The Chapel was about 40 degrees, F. when we got in, which is about the best a single wood stove in such a big room, plus heat migrating upwards from the Ordeal rooms in the basement, can do when the temperature outside is around 20. The metal folding chairs were too cold to touch bare-handed. June and I were well-prepared, though, in long-johns and two layers of school uniforms and our big, brown, wool cloaks, and we weren't uncomfortable. We actually put our hoods down, so we wouldn't get too warm. The room, lit warmly and faintly by candled in holders along the walls and in stands at the ends of each row of chairs, smelled of beeswax, wet wool, and snow, as it always does on Brigid.

We sat with Steve and Sarah and the baby on one side and Eddie on the other. A new yearling had the end seat, quite on purpose, though the yearling didn't know it. We all chatted quietly, waiting, until the repeated Ding! of a small bell we could not see silenced us.

We turned in our seats to watch the masters process in, the Six, the non-teaching masters, and a few allies who wear the ring whose role I've never been clear on. They walked in slow, measured steps, their hoods pulled up, each carrying an unlit candle. This year, Charlie led them. They take that duty in turns, two years per stint.

As the bell continued to ring, Ding! Ding! Ding! Their column divided in two, passing around the audience in our chairs, to either side of us. Abruptly, the bell stopped and they stopped, one at the end of each row, and turned to face us. The student in each end-seat lit the candle of the master facing them, and the procession, and the bell, continued until they had mounted the stage, set their sixteen candles in stands on the stage, and then sat there, on the stage, in their own folding chairs, their hoods now lowered.

Charlie stood at the lecturn, said some opening words, and introduced the new yearlings--he had them stand up, say their names, where they were from, and which of four animals or plants they most identified with.

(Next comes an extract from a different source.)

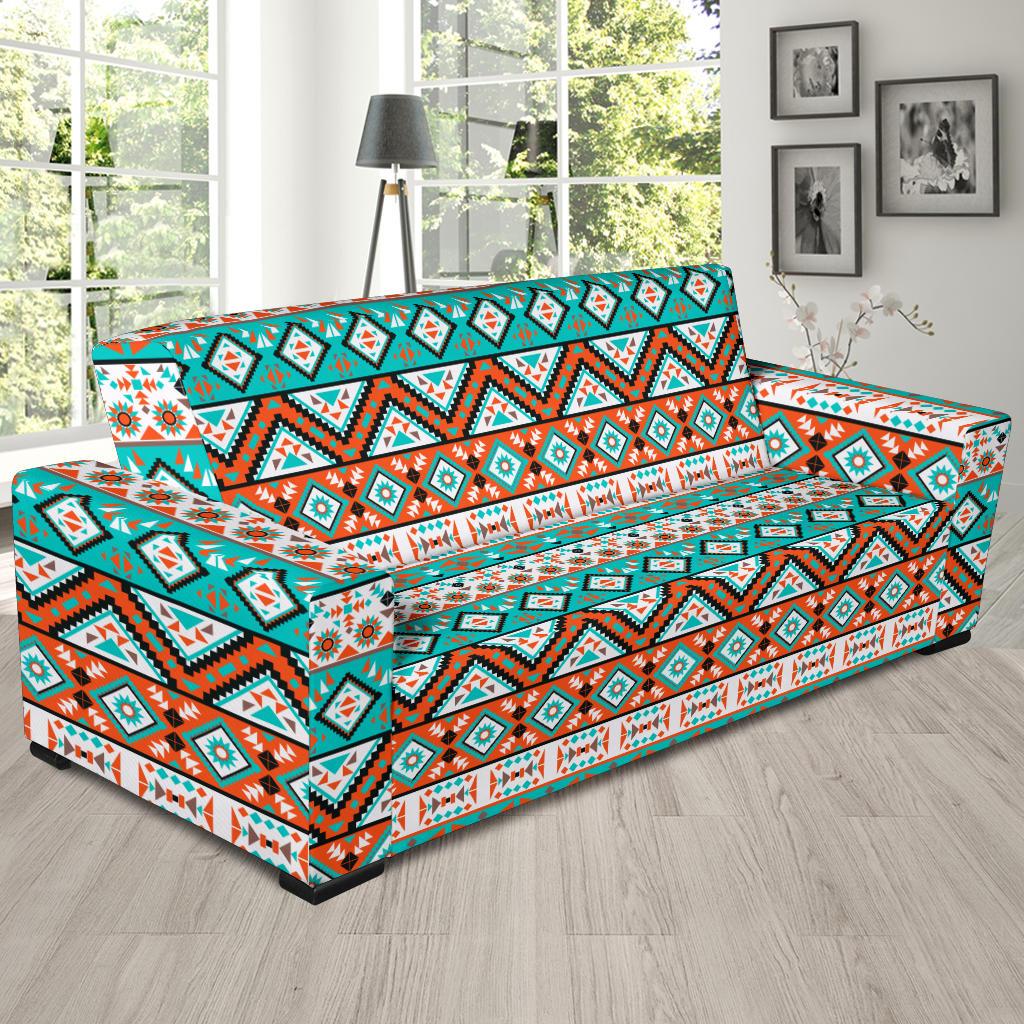 Navajo Style Print Pattern Sofa Slipcover-JTAMIGO.COM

That seemed like an ice-breaker exercise, but actually someone out of sight was writing down their responses and using the plants or animals the new students picked to assign them to dorms. That introduction, that hidden ritual, made them part of us, and ensured an overlap, even if of only a few minutes, between the incoming newbies and the outgoing graduates.

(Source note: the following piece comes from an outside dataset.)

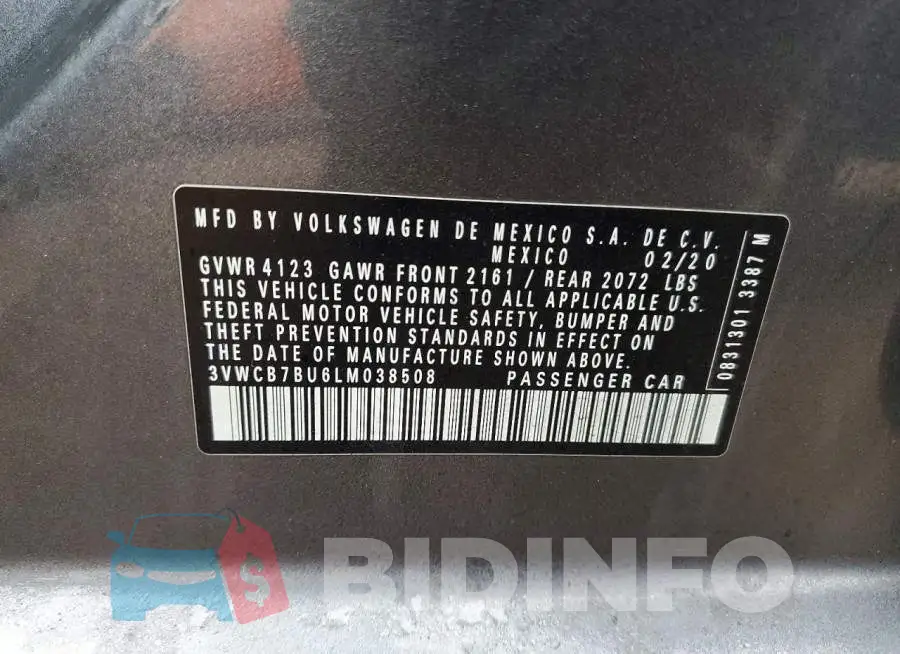 3VWCB7BU6LM038508 Photo# 13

Then Charlie said the ritual words to summon the first of the graduating students to come out and kneel, then stand and remove the black cloak that symbolizes the novitiate--the rest of us wear brown. Each graduate spoke a few words at the lectern, then exited the stage, receiving a diploma on the way. When they all had crossed the stage, they processed away out of the room in a group.

Then Jasmine, Nel, Rick, Ollie, and Oak each received their green ring from their master. Charlie went first, giving Rick is ring, with the ritualized words, always the same, used for the first candidate to receive a ring each year--the others are allowed to improvise. But Rick, being Rick, improvised anyway, and hugged Charlie, but to the latter's obvious surprise. Neither of them are known at affectionate types, and a ripple of appreciative "ohh"s spread through the audience, those of us who know them both and know Rick's story.

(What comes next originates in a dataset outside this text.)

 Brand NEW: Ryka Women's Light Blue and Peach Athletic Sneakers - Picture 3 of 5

Then Allen and Karen gave rings to their students, then Kit went--she had two, Nel and Oak. She usually has more than anyone else because Kit, more than anyone else, embodies why most of came here--she's a gorgeous, red-headed witch-woman, Lady of dance and music and magic.

Then Charlie said a few more words, and the masters, old and newly-made, all processed out to the ringing of the bells and we got up and milled about at the back of the room, talking to the yearlings and eating nuts and raisins and dilly-beans and whatever else from long buffet tables. The graduates--but not the new masters--joined us, and then we all went back to our dorms (the janitorial group stays behind to extinguish the candles and clean up), where we saved the new students from incipient hypothermia (most hadn't known to wear long underwear) and then fed them chocolate and alcohol and snow cream and maple snow candy.

The snow had started to fall during the ceremony, and fell thick and comforting and silent around as as we walked back, so we had an easy time setting out pans to collect the stuff and make candy.